+++ The input +++

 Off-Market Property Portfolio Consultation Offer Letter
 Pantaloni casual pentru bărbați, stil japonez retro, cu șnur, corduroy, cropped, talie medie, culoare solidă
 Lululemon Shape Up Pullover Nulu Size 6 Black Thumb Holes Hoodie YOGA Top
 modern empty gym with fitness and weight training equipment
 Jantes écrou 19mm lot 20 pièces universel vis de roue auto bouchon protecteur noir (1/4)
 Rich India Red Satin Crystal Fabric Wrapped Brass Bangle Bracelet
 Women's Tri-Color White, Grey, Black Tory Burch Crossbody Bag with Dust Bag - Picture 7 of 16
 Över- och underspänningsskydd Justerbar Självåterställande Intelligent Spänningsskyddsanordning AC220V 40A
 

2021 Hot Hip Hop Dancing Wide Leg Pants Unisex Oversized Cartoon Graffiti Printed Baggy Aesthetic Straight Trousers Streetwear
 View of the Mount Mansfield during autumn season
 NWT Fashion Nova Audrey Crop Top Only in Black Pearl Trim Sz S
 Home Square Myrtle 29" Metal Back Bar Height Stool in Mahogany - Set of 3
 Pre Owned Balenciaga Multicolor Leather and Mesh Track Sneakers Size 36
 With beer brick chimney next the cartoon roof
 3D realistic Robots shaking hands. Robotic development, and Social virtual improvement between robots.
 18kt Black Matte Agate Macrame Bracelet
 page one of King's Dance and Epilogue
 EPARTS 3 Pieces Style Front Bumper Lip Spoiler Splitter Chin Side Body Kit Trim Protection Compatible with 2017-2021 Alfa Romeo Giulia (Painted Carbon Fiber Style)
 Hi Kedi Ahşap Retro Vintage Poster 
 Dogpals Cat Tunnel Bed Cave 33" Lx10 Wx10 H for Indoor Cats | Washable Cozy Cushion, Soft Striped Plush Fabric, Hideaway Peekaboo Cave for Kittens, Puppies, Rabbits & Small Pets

+++

> [Description of the task]:
Give back every line from the beginning of the records through the line holding "modern empty gym", exactly as it reads, and leave out the rest.

> [Written solution]:
 Off-Market Property Portfolio Consultation Offer Letter
 Pantaloni casual pentru bărbați, stil japonez retro, cu șnur, corduroy, cropped, talie medie, culoare solidă
 Lululemon Shape Up Pullover Nulu Size 6 Black Thumb Holes Hoodie YOGA Top
 modern empty gym with fitness and weight training equipment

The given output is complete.